Data supplied:
******************************

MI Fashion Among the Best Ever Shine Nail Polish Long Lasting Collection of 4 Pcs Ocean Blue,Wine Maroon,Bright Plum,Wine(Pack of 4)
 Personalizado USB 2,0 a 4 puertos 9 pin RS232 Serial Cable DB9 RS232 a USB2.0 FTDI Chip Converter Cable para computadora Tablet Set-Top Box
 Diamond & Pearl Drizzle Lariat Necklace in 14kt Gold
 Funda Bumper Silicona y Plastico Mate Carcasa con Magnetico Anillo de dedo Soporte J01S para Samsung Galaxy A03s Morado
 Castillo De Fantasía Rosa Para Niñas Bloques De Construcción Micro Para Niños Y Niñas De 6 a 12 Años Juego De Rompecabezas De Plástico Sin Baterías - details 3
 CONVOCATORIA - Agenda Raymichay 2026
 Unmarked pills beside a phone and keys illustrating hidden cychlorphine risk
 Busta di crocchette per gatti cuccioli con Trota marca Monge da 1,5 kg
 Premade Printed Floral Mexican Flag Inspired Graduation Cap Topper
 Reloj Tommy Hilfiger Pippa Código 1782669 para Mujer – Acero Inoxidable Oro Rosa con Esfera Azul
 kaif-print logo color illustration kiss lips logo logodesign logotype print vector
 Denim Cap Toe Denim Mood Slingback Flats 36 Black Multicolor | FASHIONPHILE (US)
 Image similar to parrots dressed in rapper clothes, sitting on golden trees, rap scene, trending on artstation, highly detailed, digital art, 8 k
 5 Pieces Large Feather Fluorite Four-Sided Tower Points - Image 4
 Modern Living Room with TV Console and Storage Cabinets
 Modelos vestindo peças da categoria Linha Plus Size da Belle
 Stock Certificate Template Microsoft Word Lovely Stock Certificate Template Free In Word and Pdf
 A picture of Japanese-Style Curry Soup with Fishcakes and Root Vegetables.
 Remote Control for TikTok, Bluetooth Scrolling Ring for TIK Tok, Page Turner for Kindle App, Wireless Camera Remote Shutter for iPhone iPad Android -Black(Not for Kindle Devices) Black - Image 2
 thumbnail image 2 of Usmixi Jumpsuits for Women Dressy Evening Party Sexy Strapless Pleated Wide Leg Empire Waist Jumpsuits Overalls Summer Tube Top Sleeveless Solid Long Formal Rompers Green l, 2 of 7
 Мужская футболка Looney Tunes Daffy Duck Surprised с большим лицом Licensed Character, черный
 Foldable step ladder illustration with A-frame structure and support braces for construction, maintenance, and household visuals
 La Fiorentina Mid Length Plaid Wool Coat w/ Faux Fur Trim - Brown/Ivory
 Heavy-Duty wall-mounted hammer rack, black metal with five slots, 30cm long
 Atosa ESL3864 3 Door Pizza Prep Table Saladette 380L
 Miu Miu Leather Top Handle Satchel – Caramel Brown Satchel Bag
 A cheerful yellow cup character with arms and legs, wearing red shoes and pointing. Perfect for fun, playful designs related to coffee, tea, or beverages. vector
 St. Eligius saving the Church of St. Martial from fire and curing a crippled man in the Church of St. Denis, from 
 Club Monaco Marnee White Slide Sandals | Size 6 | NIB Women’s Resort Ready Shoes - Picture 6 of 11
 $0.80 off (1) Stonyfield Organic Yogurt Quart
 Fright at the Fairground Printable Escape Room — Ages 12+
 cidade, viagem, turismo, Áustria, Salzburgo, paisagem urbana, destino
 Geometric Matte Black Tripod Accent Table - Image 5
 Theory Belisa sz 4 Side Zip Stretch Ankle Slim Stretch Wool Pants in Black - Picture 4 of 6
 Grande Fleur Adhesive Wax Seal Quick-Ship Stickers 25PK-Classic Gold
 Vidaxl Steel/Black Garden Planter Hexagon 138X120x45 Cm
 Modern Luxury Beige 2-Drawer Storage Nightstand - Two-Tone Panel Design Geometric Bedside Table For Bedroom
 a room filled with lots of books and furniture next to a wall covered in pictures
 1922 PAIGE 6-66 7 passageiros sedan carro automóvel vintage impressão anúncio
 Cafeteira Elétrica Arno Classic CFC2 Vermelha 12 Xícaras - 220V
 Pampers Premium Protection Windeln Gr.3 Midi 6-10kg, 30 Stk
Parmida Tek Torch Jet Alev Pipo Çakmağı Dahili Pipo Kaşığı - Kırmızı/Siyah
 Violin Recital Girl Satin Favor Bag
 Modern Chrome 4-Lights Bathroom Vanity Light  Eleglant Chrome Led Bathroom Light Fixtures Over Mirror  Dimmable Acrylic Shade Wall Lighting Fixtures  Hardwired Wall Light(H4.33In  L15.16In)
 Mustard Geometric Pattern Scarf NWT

******************************

What you should do: Which lines in the listing above include the string "Rosa"? Copy each of them.

Exercise response:
 Castillo De Fantasía Rosa Para Niñas Bloques De Construcción Micro Para Niños Y Niñas De 6 a 12 Años Juego De Rompecabezas De Plástico Sin Baterías - details 3
 Reloj Tommy Hilfiger Pippa Código 1782669 para Mujer – Acero Inoxidable Oro Rosa con Esfera Azul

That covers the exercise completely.